RESENHA: : Uma Juventude na Alemanha - Ernst Toller


          Nascido em 1893, na região que hoje corresponde a Polônia, Ernst Toller foi um dramaturgo, poeta e político revolucionário do Império Alemão. Autor de peças como "Die Wandlung" e "Masse Mensch", se tornou um dos expoentes do expressionismo alemão. De origem burguesa judia, combateu na Primeira Guerra Mundial, experiência que o marcou profundamente e que o converteu ao pacifismo. Foi figura ativa no cenário político entre guerras da Alemanha, no qual chegou a ser presidente da República Conselhista da Baviera e condenado a cinco anos de prisão sob a acusação de alta traição. Em 1933, com a ascensão do nazismo, exilou-se na Inglaterra e posteriormente nos EUA, onde suicidou-se em 1939.

(Ernst Toller)

          Mais que uma autobiografia, "Uma Juventude na Alemanha" cobre os primeiros trinta anos de sua vida e um dos períodos mais conturbados da história da Europa. Toller inicia o livro evocando cenas de sua infância, onde a inocência é contrastada por uma atmosfera de medo, impregnada de xenofobia e intolerância religiosa. A asfixia do livre pensamento se fazia presente até mesmo nas escolas, onde os professores seguiam uma cartilha altamente conservadora e moralista, baseada no temor a Deus, e qualquer aluno que pensasse por conta própria era acusado de anarquismo. Toller, que queria se dedicar a poesia e ao teatro, se sentia um prisioneiro em sala de aula e foi buscar liberdade na França. Sob nova perspectiva, ele questiona seu país, e também a si mesmo, pela primeira vez. Justamente nesse momento acontece aquilo que mudaria definitivamente seu destino, eclode a Primeira Guerra.

          Inflamado pelo espírito patriota, Toller alista-se no exército e vai para o front. Todos os horrores da guerra são retratados com detalhes aqui e é dessa parte, sem dúvida, alguns dos relatos mais tristes e impactantes da leitura. De volta a seu país, Toller se converte ao pacifismo e, decepcionado com a classe artística, que prefere se isolar em seu "casulo teórico", se fazendo de cega, surda e muda, torna-se muito ativo politicamente e desempenha um importante papel na Revolução Alemã. Essa passagem gera algumas das melhores reflexões sobre o papel da arte diante de conturbados períodos históricos, e porque essa não só pode, como deve se envolver com política.

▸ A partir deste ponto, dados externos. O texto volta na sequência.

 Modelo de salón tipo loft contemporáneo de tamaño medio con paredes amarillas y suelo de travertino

          Os escritos de Toller seguem de perto todas as convulsões políticas e sociais que marcaram a Alemanha pós-guerra. Greves, conflitos, assassinatos e tentativas de golpe, tudo é esmiuçado aqui. Por seu envolvimento em atividades socialistas e na greve dos trabalhadores, Toller é perseguido e, por fim, preso sob a acusação de alta traição. O período de cárcere é um dos mais duros e também tocantes da leitura. Aqui, Toller reflete sobre sua trajetória e escreve algumas de suas principais peças. Também tem seus direitos violados e é forçado a assinar transcrições adulteradas que incriminavam a si mesmo e a seus amigos.

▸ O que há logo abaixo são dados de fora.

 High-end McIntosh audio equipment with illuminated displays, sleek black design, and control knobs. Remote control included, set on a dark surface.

          Apesar de centrado em um conturbado período da história alemã, o livro de Toller tem o poder de conversar diretamente com diversos outros contextos, inclusive com o Brasil atual. Logo no primeiro capítulo, o autor deixa vários alertas sobre a cegueira do patriotismo exacerbado, a crença em novos Messias, a asfixia da liberdade e a degradação dos valores intelectuais e morais. Leitura mais do que recomendada, e diria até necessária, para os dias atuais.

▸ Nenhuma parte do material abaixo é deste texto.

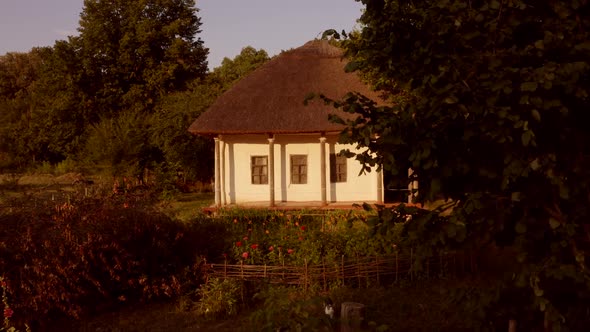 Facade of Traditional Clay House with Garden of Flowers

          Quanto a edição da Mundaréu, é simples, porém, bem feita e muito confortável de se ler. A obra integra a coleção "Linha do Tempo", que é focada em textos que retratam períodos históricos através da arte. O livro conta com tradução de Ricardo Ploch e traz como complemento o texto "Um Apolítico vai ao Reichstag", do escritor e jornalista austríaco Joseph Roth.